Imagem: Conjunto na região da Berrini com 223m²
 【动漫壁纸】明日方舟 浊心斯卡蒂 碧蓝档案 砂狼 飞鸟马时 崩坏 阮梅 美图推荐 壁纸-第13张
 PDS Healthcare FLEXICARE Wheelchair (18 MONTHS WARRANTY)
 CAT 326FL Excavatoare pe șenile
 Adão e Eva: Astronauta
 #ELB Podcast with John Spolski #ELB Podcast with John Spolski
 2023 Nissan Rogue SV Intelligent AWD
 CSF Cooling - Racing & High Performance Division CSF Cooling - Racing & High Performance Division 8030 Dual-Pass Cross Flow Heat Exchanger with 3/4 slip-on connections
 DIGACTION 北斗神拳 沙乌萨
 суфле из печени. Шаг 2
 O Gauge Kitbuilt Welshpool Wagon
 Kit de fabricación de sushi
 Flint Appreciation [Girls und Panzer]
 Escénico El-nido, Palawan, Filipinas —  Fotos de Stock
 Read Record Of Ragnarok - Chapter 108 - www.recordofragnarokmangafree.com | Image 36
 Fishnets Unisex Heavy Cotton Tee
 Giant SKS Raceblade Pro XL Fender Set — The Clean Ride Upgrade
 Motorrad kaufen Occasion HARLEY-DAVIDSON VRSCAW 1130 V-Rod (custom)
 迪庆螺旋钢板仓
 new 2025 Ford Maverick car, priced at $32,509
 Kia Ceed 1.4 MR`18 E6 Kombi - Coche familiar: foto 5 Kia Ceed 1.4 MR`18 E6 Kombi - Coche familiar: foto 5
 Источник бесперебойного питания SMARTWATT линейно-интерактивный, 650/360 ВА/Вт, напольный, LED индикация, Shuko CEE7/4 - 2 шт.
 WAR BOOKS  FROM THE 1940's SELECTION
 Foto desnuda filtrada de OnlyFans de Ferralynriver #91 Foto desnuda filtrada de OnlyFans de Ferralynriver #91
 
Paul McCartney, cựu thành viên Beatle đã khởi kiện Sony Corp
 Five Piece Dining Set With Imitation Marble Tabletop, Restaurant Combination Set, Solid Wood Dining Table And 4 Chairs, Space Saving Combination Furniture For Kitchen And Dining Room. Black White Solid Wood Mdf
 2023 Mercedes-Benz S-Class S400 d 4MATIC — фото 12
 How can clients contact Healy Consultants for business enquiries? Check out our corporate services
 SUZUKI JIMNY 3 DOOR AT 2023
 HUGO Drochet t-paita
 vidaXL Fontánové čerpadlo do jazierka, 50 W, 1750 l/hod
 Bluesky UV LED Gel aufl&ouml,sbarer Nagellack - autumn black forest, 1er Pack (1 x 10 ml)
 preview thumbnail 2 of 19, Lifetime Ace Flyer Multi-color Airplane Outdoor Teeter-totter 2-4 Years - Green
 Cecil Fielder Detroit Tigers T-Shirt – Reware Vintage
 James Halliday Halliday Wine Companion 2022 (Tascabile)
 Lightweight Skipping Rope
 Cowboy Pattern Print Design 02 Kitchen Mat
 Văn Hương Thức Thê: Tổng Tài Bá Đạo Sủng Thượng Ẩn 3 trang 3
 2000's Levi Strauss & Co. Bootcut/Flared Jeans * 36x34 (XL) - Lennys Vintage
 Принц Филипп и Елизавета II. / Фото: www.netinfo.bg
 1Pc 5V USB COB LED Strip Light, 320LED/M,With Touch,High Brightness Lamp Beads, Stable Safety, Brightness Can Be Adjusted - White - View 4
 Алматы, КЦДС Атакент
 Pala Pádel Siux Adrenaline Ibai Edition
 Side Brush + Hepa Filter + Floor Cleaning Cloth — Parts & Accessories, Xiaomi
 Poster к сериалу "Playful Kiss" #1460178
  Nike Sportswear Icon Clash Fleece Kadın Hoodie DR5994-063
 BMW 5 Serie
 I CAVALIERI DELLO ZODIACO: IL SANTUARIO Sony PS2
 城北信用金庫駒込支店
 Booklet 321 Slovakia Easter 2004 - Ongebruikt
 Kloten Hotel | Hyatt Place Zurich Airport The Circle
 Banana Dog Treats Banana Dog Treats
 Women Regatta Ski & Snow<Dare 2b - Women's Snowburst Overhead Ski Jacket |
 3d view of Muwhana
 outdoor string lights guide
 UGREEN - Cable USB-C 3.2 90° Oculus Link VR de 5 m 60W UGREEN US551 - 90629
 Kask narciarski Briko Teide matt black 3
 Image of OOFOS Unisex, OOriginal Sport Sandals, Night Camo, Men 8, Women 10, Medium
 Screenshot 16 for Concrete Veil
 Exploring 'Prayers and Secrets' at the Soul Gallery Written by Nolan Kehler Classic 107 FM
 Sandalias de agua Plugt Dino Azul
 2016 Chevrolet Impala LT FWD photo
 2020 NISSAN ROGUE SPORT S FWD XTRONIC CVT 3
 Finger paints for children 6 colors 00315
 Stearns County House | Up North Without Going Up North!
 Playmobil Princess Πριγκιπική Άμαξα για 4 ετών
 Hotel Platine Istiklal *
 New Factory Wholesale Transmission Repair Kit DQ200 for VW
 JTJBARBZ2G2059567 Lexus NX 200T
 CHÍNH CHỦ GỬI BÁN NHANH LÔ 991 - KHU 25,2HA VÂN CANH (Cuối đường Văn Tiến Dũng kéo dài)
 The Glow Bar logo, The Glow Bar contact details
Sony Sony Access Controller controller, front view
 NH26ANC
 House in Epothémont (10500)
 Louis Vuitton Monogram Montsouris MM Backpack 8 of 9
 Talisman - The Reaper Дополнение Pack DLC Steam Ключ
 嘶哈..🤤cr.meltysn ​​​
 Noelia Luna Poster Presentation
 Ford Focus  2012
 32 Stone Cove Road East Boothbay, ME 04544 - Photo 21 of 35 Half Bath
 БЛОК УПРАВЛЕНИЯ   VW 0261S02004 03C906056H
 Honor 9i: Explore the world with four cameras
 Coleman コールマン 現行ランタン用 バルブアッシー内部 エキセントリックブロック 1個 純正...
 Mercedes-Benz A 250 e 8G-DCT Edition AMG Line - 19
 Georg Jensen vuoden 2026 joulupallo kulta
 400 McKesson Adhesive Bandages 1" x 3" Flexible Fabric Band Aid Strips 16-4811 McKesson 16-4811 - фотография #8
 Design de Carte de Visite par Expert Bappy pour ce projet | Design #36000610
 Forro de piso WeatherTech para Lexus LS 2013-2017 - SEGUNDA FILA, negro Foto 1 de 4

» **Prompt**:
Search the listing above for the lines with "O Gauge Kitbuilt Welshpool Wagon" and "Foto desnuda filtrada de OnlyFans de Ferralynriver #91 Foto", then output those lines and all lines between them exactly.

» **Answer space**:
 O Gauge Kitbuilt Welshpool Wagon
 Kit de fabricación de sushi
 Flint Appreciation [Girls und Panzer]
 Escénico El-nido, Palawan, Filipinas —  Fotos de Stock
 Read Record Of Ragnarok - Chapter 108 - www.recordofragnarokmangafree.com | Image 36
 Fishnets Unisex Heavy Cotton Tee
 Giant SKS Raceblade Pro XL Fender Set — The Clean Ride Upgrade
 Motorrad kaufen Occasion HARLEY-DAVIDSON VRSCAW 1130 V-Rod (custom)
 迪庆螺旋钢板仓
 new 2025 Ford Maverick car, priced at $32,509
 Kia Ceed 1.4 MR`18 E6 Kombi - Coche familiar: foto 5 Kia Ceed 1.4 MR`18 E6 Kombi - Coche familiar: foto 5
 Источник бесперебойного питания SMARTWATT линейно-интерактивный, 650/360 ВА/Вт, напольный, LED индикация, Shuko CEE7/4 - 2 шт.
 WAR BOOKS  FROM THE 1940's SELECTION
 Foto desnuda filtrada de OnlyFans de Ferralynriver #91 Foto desnuda filtrada de OnlyFans de Ferralynriver #91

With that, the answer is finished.